Ocean Springs The poor are more generous that the rich, and in fact the poorer you are, the more likely a larger portion of your income is given to others. For the poor experience drives empathy and action. For the rich it turns out that talk is in fact cheap.
Quoting from Frank Greve of the McClatchy chain in an article recently entitled, “America’s Poor are its Most Generous Givers,”
“The lowest-income fifth (of the population) always give at more than their capacity,” said Virginia Hodgkinson, former vice president for research at Independent Sector, a Washington-based association of major nonprofit agencies. “The next two-fifths give at capacity, and those above that are capable of giving two or three times more than they give.”

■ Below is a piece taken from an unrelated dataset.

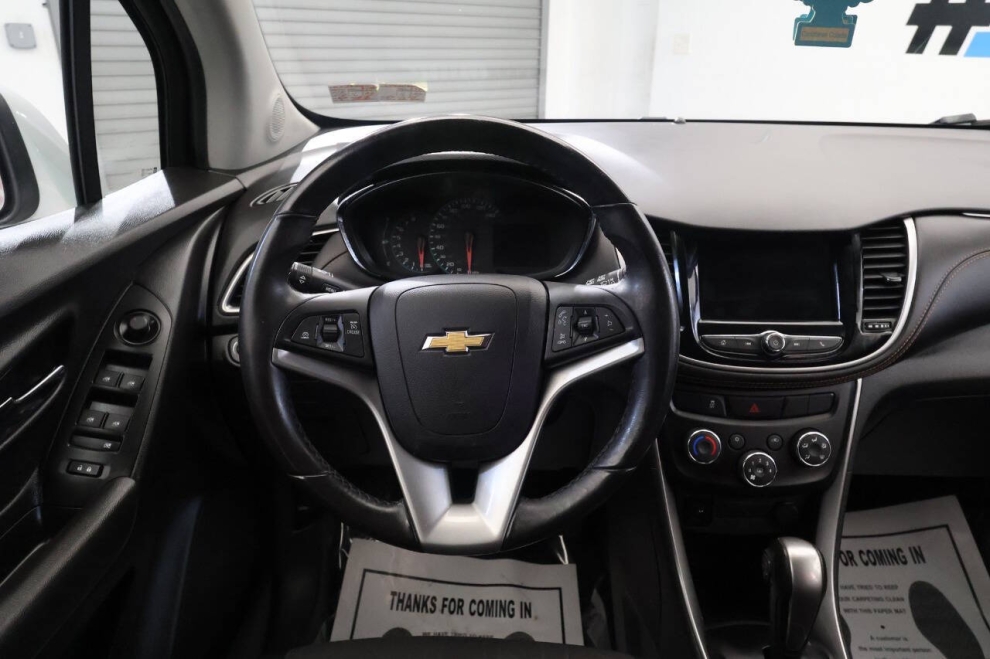 2019 Chevrolet Trax LT AWD 4dr Crossover, Silver, Mileage: 21,121 - photo 19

That’s an elegantly generous way of putting it, I guess? Greve also quotes the brutal facts from the BLS indicating that the poorest of our citizens are in fact twice as generous as the top strata of the rich.
“Indeed, the U.S. Bureau of Labor Statistics’ latest survey of consumer expenditure found that the poorest fifth of America’s households contributed an average of 4.3 percent of their incomes to charitable organizations in 2007. The richest fifth gave at less than half that rate, 2.1 percent.”
In all likelihood this doesn’t come near to counting remittances sent home by migrant workers and immigrant families to their families and relatives in their home country which adds up to billions more per year.
It seems the only way in which the rich outstrip the poor is in public relations. Even though fewer are giving and they are giving the least, buildings are named after them, banquets held in their honor, plaques engraves, and gushing thank you notes sent. Furthermore, they lobby for more tax deductions so that their generosity (when given) also returns more benefits to them. Some are still obnoxiously quoted on those issues as saying they know better than the government and others how to express their charity.
Meanwhile even with their last dollar, poor extend a helping hand for their brothers and sisters. In collecting membership dues to support building organizations among the poor in American and around the world, outsiders and donors are often skeptical when they learn that the poor still make it a priority to support their own organizations.
Just more evidence that we should not be surprised.